[[ Provided data, beginning ]]
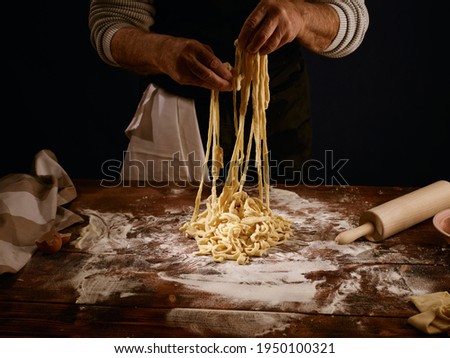 Image of a chef pulling the freshly made pasta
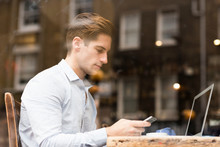 Window View Of Young Businessman Reading Smartphone Texts In Cafe
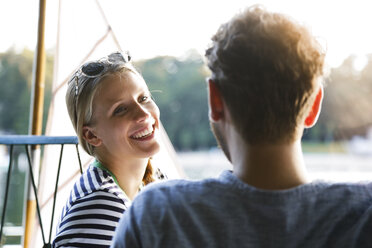Junge Frau lacht einen Mann am See neben einem Segelboot an - FKF02841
[[ Provided data, end ]]
-- To do --
Repeat the material above exactly; pictures do not belong in the copy.

-- Exercise answer --
 Image of a chef pulling the freshly made pasta
 Window View Of Young Businessman Reading Smartphone Texts In Cafe
Junge Frau lacht einen Mann am See neben einem Segelboot an - FKF02841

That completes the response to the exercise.